1. **Input Features**: Given $n$ numerical features denoted by $x_j$, where $j$ ranges from 1 to $n$. 

2. **Linear Combination**: 
   The linear combination of these features with their respective weights is represented as:
   $$
   a(x, w) = \sigma(w, x) = \sigma \left( \sum_{j=1}^{n} w_j x_j - w_0 \right)
   $$
   Here:
   - $w_j$ are the feature weights, and they're real numbers.
   - $w_0$ is the bias term.

3. **Activation Function**: 
   The symbol $\sigma(z)$ represents an activation function. Examples include:
   - $\text{sign}(z)$
   - $\frac{1}{1+e^{-z}}$, which is the sigmoid function.

4. **Linear Neuron Model**:
   - Inputs are multiplied by their weights.
   - Weighted inputs are summed.
   - The bias is subtracted.
   - The result passes through an activation function to produce the output $a$.


![Screenshot 2023-08-22 at 20.59.49.png](<attachment:Screenshot 2023-08-22 at 20.59.49.png>)

### ELI5: Neural Networks Concepts

1. **Weights**:
   - Imagine you and your friends are trying to balance on a seesaw. Some of you are heavier than others. The weights in a neural network are like how heavy each of you is. If you change who's on the seesaw or move closer/further from the center, it tilts differently. Similarly, adjusting the weights in the network changes its behavior.

2. **Adders**:
   - Think of adders like summer vacations when you collect seashells from the beach. At the end of the day, you combine (or add up) all the seashells you and your friends found. In a neural network, an adder is a spot where all the multiplied weights (or seashells) are added together.

3. **Activation Functions**:
   - Imagine you have a toy that lights up when you put enough coins inside it. If you don't put enough, it stays off. Activation functions work in a similar way. They decide whether the neuron should "fire" (like the toy lighting up) based on the total weight (or the coins you added).

### ELI: 2nd Year Computer Student

1. **Weights**:
   - In a neural network, weights are parameters that determine the strength or importance of input features. They're adjusted during training to minimize the error between the predicted and actual output. It's like tuning the dials on a machine until it works just right.

2. **Adders**:
   - These are summation units in the neuron. After each input value is multiplied by its corresponding weight, all these products are summed together in the adder. This cumulative sum then gets passed on to the activation function.

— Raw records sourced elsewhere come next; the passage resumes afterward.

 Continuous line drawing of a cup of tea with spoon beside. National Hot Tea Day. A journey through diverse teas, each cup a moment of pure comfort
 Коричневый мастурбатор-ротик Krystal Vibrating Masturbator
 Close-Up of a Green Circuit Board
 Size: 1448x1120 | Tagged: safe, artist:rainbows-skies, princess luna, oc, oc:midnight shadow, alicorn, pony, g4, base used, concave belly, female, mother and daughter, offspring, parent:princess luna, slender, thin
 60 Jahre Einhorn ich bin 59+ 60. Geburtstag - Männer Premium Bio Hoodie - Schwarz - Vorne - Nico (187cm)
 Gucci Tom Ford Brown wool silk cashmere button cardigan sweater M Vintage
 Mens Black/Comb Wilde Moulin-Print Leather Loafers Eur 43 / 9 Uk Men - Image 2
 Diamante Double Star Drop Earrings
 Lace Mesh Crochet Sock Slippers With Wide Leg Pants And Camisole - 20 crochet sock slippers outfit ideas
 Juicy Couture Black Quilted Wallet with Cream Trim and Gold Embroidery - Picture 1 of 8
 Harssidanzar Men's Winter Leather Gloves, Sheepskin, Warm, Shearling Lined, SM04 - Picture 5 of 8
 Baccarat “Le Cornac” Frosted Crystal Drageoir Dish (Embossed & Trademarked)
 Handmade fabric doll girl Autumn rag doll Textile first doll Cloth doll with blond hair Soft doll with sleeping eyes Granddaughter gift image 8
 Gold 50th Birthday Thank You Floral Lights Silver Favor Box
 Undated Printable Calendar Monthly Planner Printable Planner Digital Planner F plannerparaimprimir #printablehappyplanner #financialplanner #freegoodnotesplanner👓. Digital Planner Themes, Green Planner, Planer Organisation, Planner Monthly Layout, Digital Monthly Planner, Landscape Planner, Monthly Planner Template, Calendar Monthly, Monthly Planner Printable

3. **Activation Functions**:
   - Activation functions introduce non-linearity into the network. They determine the neuron's output based on the summed input. Common functions include the sigmoid, tanh, and ReLU. Think of it as the logic gate in a neuron, deciding how much of the signal to pass forward, if any.


![Screenshot 2023-08-22 at 21.00.50.png](<attachment:Screenshot 2023-08-22 at 21.00.50.png>)

### TOREAD: Maths to learn quickly 😰

1. **Linear Algebra**:
    - **Vectors and Matrices**: Understand basic vector and matrix operations like addition, multiplication, and inversion.
    - **Eigenvalues and Eigenvectors**: These concepts often come up in more advanced topics and optimizations.
    - **Matrix Factorizations**: LU, QR, and Singular Value Decomposition (SVD).

2. **Calculus**:
    - **Differential Calculus**: Understand derivatives and the rules for differentiation.
    - **Integral Calculus**: Basics of integration.
    - **Partial Derivatives**: Since neural networks deal with functions of many variables, understanding partial derivatives is crucial.
    - **Chain Rule**: Essential for backpropagation in neural networks.

3. **Probability and Statistics**:
    - **Probability Basics**: Understand discrete and continuous probability distributions.
    - **Bayes' Theorem**: Comes in handy when understanding probabilistic models.
    - **Expectation, Variance, and Standard Deviation**: Essential statistical measures.
    - **Common Distributions**: Normal (Gaussian), Bernoulli, and Binomial distributions.
    - **Central Limit Theorem**: Often used implicitly in deep learning theories.

4. **Optimization**:
    - **Gradient Descent**: The primary optimization technique used in training neural networks.
    - **Convex Optimization**: While not all optimization problems in neural networks are convex, understanding the basics helps.